Exercise goal: Every picture should be left out, but the lines below must be repeated exactly.

☆ ☆ ☆

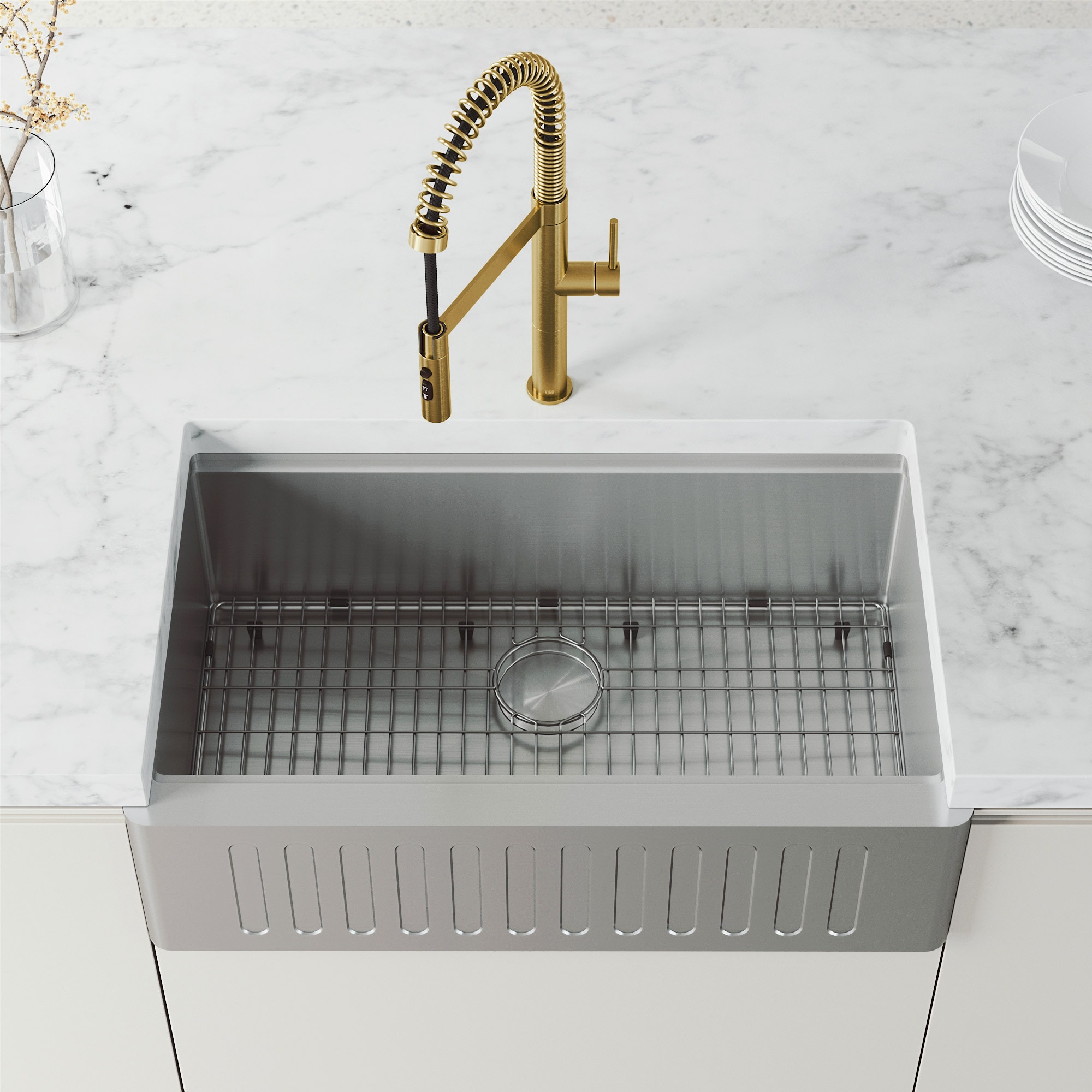 VIGO VG02052MG Kitchen-Faucets - View #13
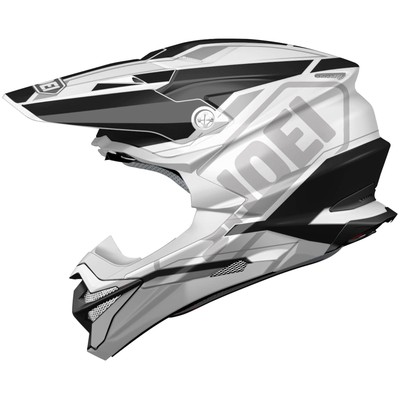 Shoei VFX-EVO Allegiant Off-Road Helmet - TC-6 - 2XL 0146-1506-08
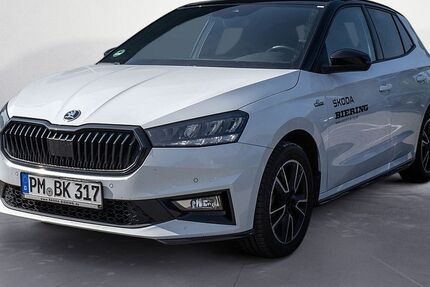 Skoda Fabia 27.000 km 18.990 &euro; Schwielowsee OT Geltow 14548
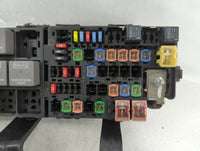 2010-2012 Ford Fusion Fusebox Fuse Box Panel Relay Module P/N:54-7146-30 Fits Fits 2010 2011 2012 OEM Used Auto Parts - Oemu
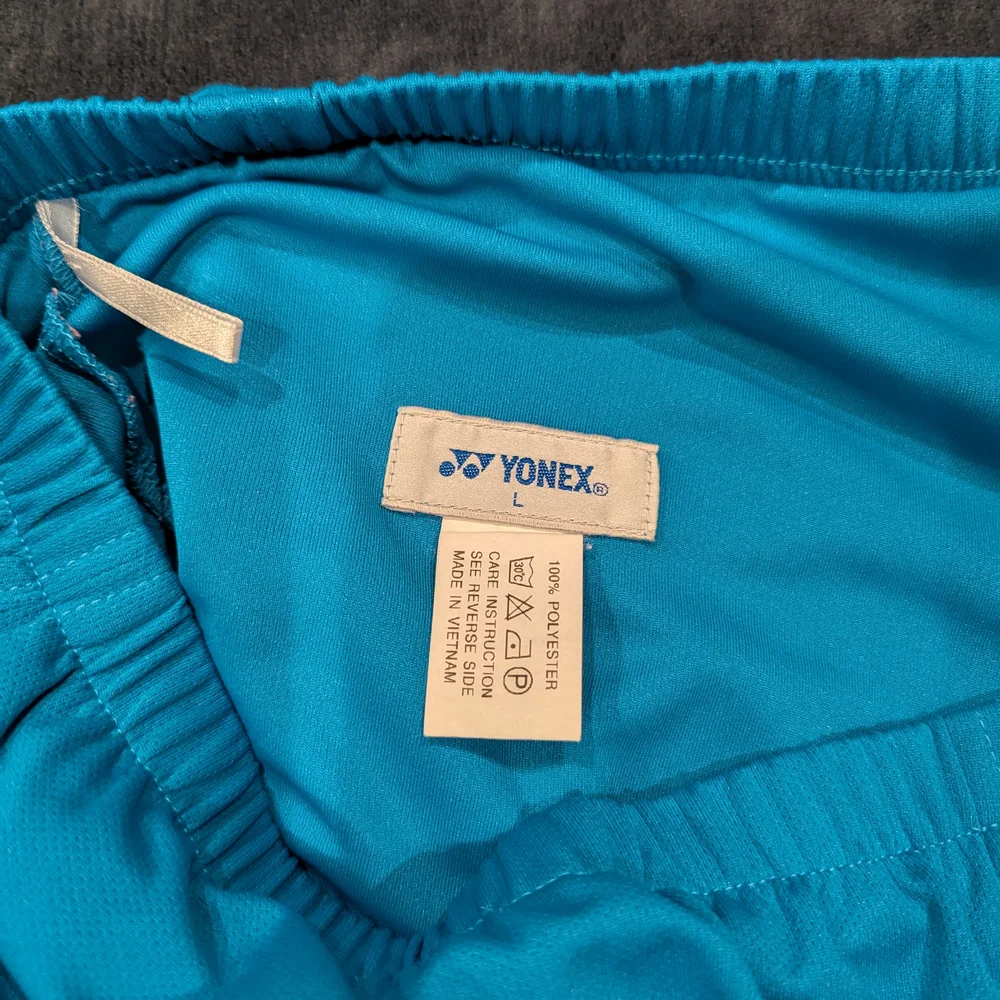 Yonex Women's Athletic Skort in Teal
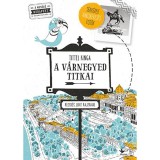 A V&aacute;rnegyed titkai - Mes&eacute;lő Budapest zsebk&ouml;nyvsorozat - Tittel Kinga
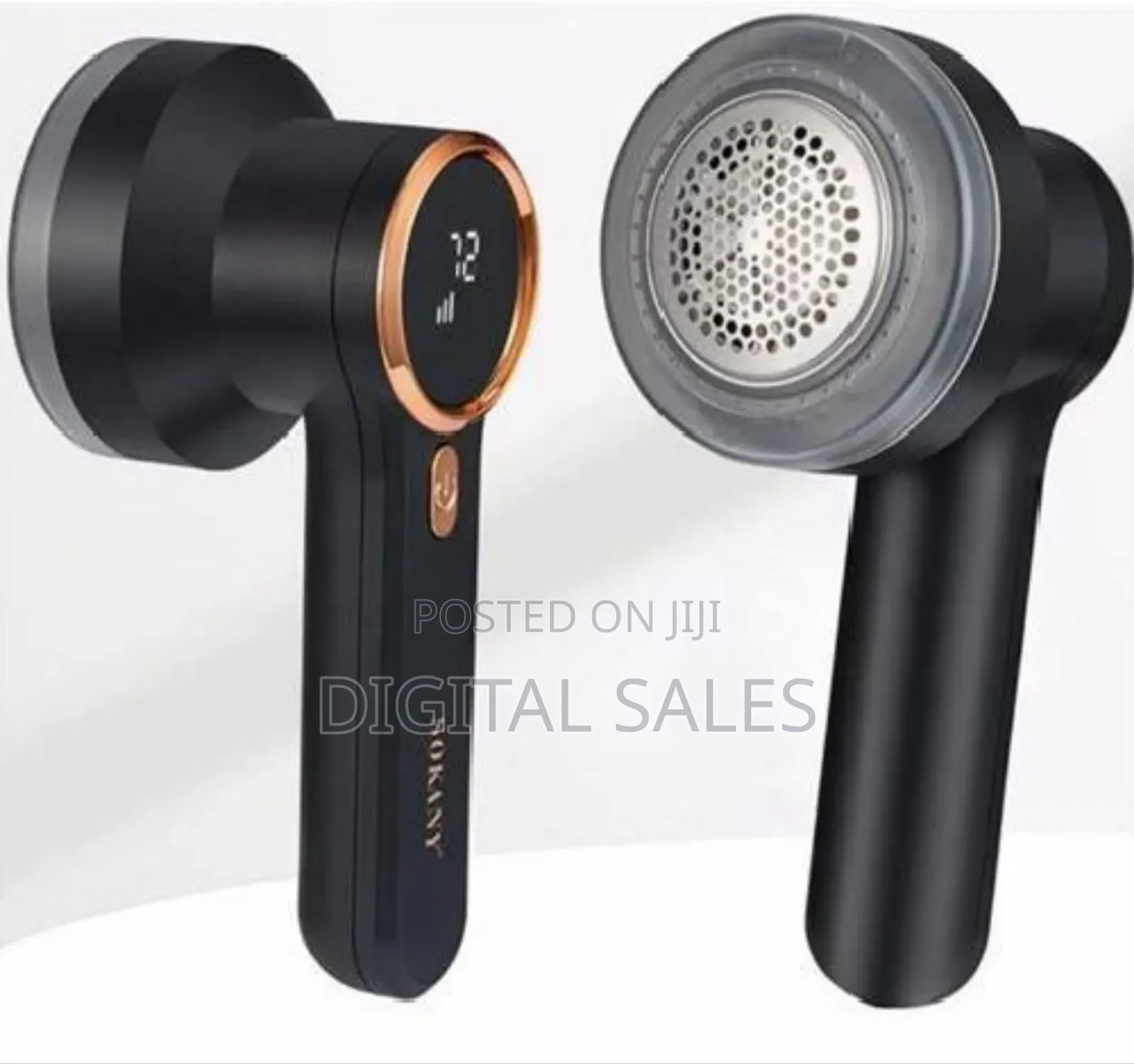 Sokany High-Quality Digital Clothes Lint Remover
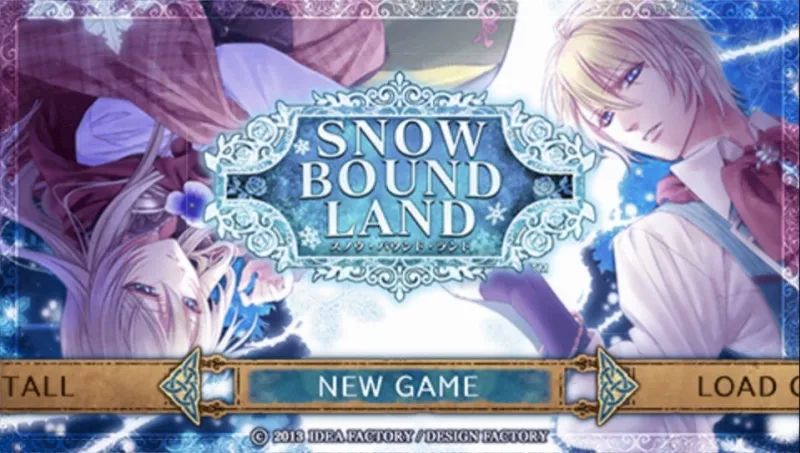 雪界领域PSP游戏截图第1张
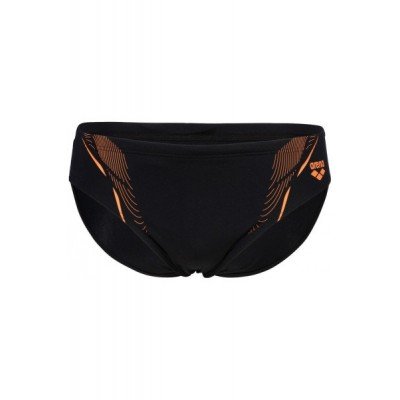Плавки мужские Arena Swim Briefs Graphic 005553-530 - фото 26725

☆ ☆ ☆

Output for this task:
 VIGO VG02052MG Kitchen-Faucets - View #13
 Shoei VFX-EVO Allegiant Off-Road Helmet - TC-6 - 2XL 0146-1506-08
 Skoda Fabia 27.000 km 18.990 &euro; Schwielowsee OT Geltow 14548
 2010-2012 Ford Fusion Fusebox Fuse Box Panel Relay Module P/N:54-7146-30 Fits Fits 2010 2011 2012 OEM Used Auto Parts - Oemu
 Yonex Women's Athletic Skort in Teal
 A V&aacute;rnegyed titkai - Mes&eacute;lő Budapest zsebk&ouml;nyvsorozat - Tittel Kinga
 Sokany High-Quality Digital Clothes Lint Remover
 雪界领域PSP游戏截图第1张
Плавки мужские Arena Swim Briefs Graphic 005553-530 - фото 26725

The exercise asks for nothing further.